→ **What to do**
Return exactly the span of lines in the following data that opens with the line containing "Tiny photo for" and closes with the line containing "Liten Stickad Korg". Include nothing else.

────────────────────────────────────────

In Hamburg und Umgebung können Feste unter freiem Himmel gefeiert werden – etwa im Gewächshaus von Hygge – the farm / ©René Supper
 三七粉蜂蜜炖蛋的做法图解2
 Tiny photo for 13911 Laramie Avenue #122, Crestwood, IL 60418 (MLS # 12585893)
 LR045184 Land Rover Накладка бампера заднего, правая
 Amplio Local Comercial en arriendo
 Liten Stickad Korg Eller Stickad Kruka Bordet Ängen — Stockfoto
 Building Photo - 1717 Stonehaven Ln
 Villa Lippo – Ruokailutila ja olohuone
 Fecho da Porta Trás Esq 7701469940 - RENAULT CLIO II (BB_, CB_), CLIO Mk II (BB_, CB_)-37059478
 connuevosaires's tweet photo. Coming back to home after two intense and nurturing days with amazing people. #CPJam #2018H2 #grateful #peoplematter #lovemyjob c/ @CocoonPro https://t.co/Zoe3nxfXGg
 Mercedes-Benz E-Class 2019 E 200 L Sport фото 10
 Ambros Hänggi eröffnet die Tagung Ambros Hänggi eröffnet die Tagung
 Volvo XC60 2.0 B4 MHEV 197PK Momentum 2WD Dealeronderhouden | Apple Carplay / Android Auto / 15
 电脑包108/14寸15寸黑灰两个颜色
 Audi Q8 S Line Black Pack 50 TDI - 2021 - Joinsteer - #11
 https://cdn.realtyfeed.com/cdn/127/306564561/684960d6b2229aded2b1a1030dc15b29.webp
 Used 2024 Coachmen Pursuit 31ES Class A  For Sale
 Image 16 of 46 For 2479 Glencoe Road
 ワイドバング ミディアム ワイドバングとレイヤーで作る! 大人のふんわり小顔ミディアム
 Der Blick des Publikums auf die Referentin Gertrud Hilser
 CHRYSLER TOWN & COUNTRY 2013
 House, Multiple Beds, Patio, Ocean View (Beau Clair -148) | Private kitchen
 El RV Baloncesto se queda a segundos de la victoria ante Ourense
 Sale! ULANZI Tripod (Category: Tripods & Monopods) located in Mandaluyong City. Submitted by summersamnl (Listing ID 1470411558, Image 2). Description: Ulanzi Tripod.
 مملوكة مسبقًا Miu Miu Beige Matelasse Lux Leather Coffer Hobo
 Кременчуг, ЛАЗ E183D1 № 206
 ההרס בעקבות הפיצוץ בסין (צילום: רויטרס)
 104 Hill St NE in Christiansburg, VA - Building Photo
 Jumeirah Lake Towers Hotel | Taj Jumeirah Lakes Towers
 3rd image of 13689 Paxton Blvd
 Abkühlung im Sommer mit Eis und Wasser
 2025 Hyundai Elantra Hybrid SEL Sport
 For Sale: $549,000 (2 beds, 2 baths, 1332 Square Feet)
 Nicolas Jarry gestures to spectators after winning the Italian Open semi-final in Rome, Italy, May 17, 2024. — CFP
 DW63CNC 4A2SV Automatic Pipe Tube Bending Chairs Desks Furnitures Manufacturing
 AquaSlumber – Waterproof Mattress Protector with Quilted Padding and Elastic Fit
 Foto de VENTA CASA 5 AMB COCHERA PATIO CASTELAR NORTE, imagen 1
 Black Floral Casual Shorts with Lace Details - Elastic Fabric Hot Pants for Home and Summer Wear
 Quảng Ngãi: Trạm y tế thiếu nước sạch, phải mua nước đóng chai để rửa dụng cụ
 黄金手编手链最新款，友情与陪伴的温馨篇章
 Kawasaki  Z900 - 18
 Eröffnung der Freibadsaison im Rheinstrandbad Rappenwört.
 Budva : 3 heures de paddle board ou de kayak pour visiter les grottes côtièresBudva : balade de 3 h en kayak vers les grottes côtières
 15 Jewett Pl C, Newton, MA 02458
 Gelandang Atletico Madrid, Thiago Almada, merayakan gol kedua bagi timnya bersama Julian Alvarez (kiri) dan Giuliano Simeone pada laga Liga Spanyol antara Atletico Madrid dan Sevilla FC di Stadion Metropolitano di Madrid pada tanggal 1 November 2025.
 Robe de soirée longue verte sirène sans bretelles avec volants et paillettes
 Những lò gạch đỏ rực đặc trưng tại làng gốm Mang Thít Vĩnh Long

────────────────────────────────────────

→ **Output of the task**
 Tiny photo for 13911 Laramie Avenue #122, Crestwood, IL 60418 (MLS # 12585893)
 LR045184 Land Rover Накладка бампера заднего, правая
 Amplio Local Comercial en arriendo
 Liten Stickad Korg Eller Stickad Kruka Bordet Ängen — Stockfoto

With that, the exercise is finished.